“O berço balança sobre um abismo, e o bom senso nos diz que nossa existência nada mais é que uma réstia de luz entre duas eternidades de escuridão. Embora os dois sejam gêmeos idênticos, o ser humano em geral vê o abismo pré-natal com mais calma do que aquele para o qual se dirige (à velocidade de umas quatro mil e quinhentas pulsações por hora).”
Com essa frase Vladimir Nabokov abre sua magnifica autobiografia intitulada Speak, Memory ( Fala, memória ). Sem dúvida uma declaração essencialmente banal que reflete o pensamento de qualquer ateísta ou agnóstico, mas com a percepção de que a psique humana se concentra mais na eternidade futura do que na passada, e numa formulação audaciosamente bela e original. No entanto, ela está longe de revelar as profundezas da complexa espiritualidade de Nabokov, que, ao ser perguntado por Alvin Toffer se acreditava em Deus numa entrevista de 1963, assim respondeu aos 64 anos de idade: “Eu sei mais do que posso expressar em palavras, e o pouco que sou capaz de expressar não seria expresso caso eu não soubesse mais.”
A assertiva enigmática é típica do autor, mas demonstra que, apesar de desprezar todos os dogmas e todas as manifestações rituais de caráter religioso, ele abrigava um sentimento místico baseado na existência do sobrenatural. Apaixonado por padrões que via repetidos de forma surpreendente no mimetismo de suas queridas borboletas e em toda a natureza, Nabokov se aproximava da admissão de que existiria uma inteligência superior de onde fluíam aquelas maravilhas de outro modo inexplicáveis para ele. E contemplava a ideia de uma vida no Além, conceito presente em muitas de suas obras e patente no conto “As irmãs Vane”, que termina com uma mensagem por elas enviada depois de mortas. O mesmo transparecia em sua crença de que as pessoas seguiam um destino pré-traçado – por exemplo, que seu pai estava fadado a morrer com uma bala disparada pela arma de um assassino político.
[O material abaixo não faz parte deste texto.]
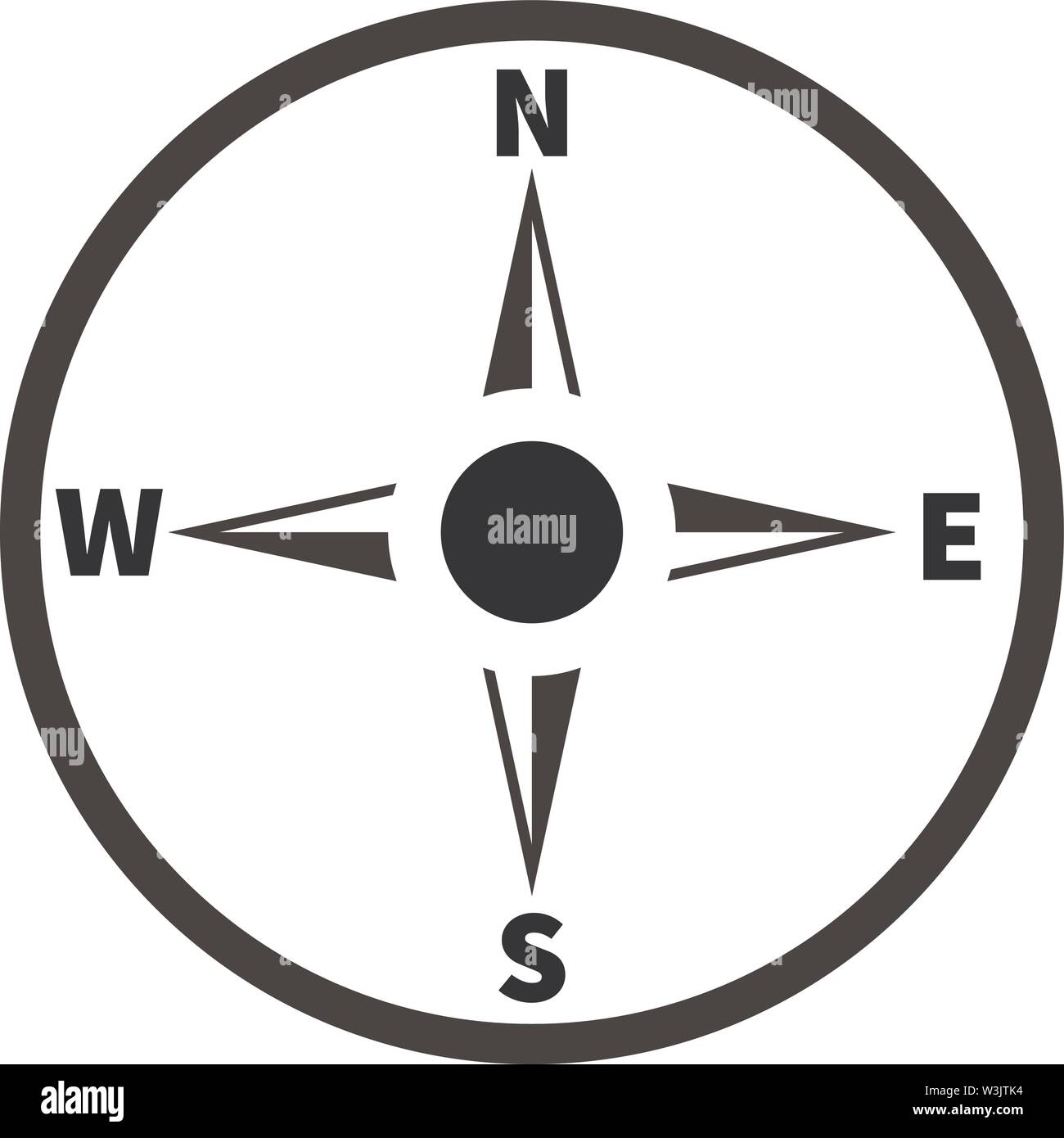 Einfache schwarze und weiße Kompass windrose Symbols Vector Illustration Stock Vektor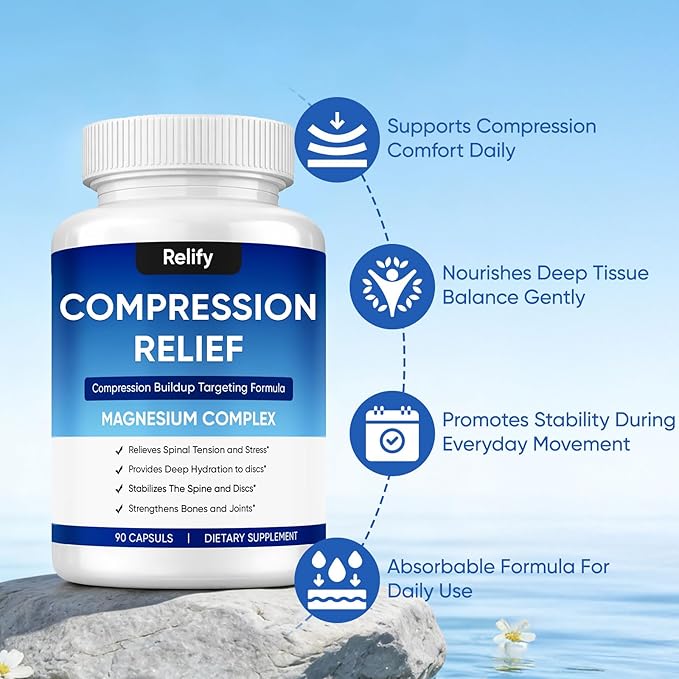 Relify Compression Relief Capsules 1000mg Magnesium Complex Supplement Support Back Spine &amp Discs Reduces Pressure Deeply Hydrating Non-GMO 90 Capsules (1)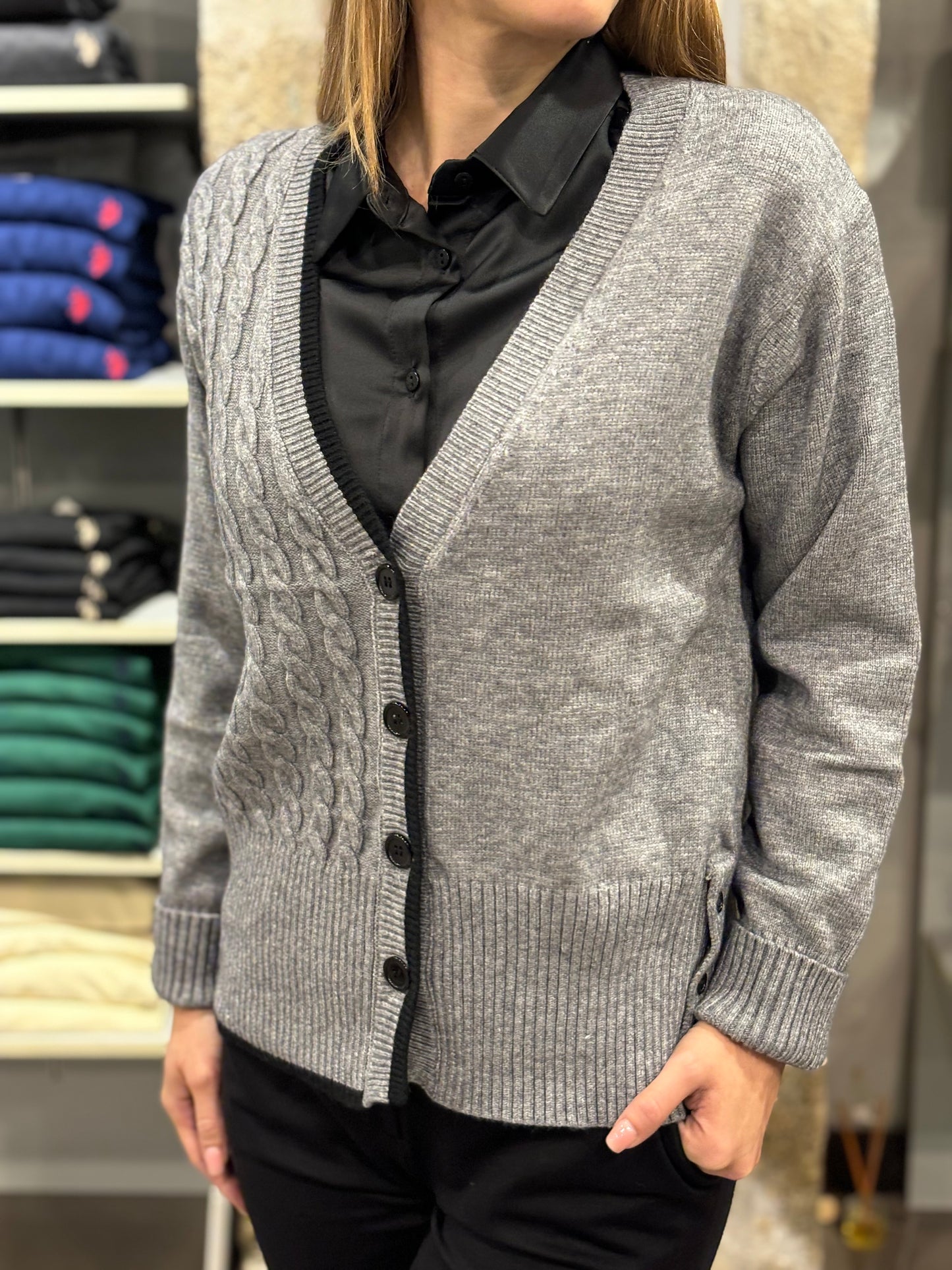 Cardigan doppia lavorazione grigio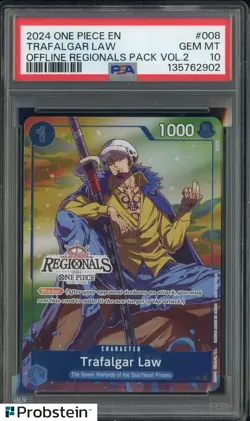 2024 One Piece Offline Regional V.2 #008 Trafalgar Law PSA 10 GEM MINT - Image 1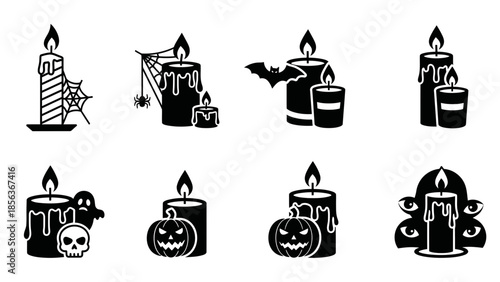 Halloween Icon Set – Spooky Holiday Symbols Pumpkin Ghost Witch Vector Collection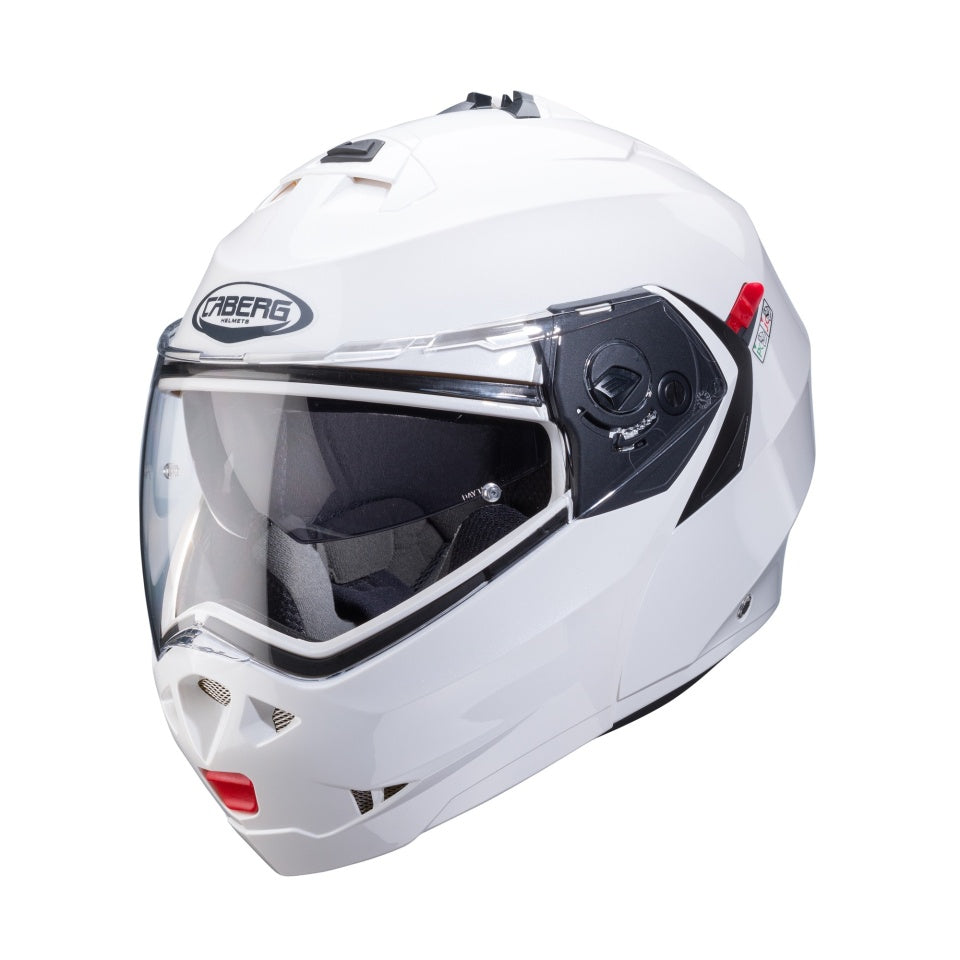 Casca modulabila (flip-up) Caberg model Duke X SV alb metalic lucios Pinlock ready - lentila Pinlock inclusa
Mas ninguém melhor que o próprio Nabokov para nos instruir sobre a possível imortalidade da alma: “Que a vida humana nada mais é que o primeiro episódio de uma alma em série, e que o segredo individual de alguém não se perde no processo de dissolução terrena, se tornam algo mais que uma conjetura otimista, e até mesmo mais que uma questão de fé religiosa, quando nos lembramos de que somente o bom senso nos faz negar a imortalidade.”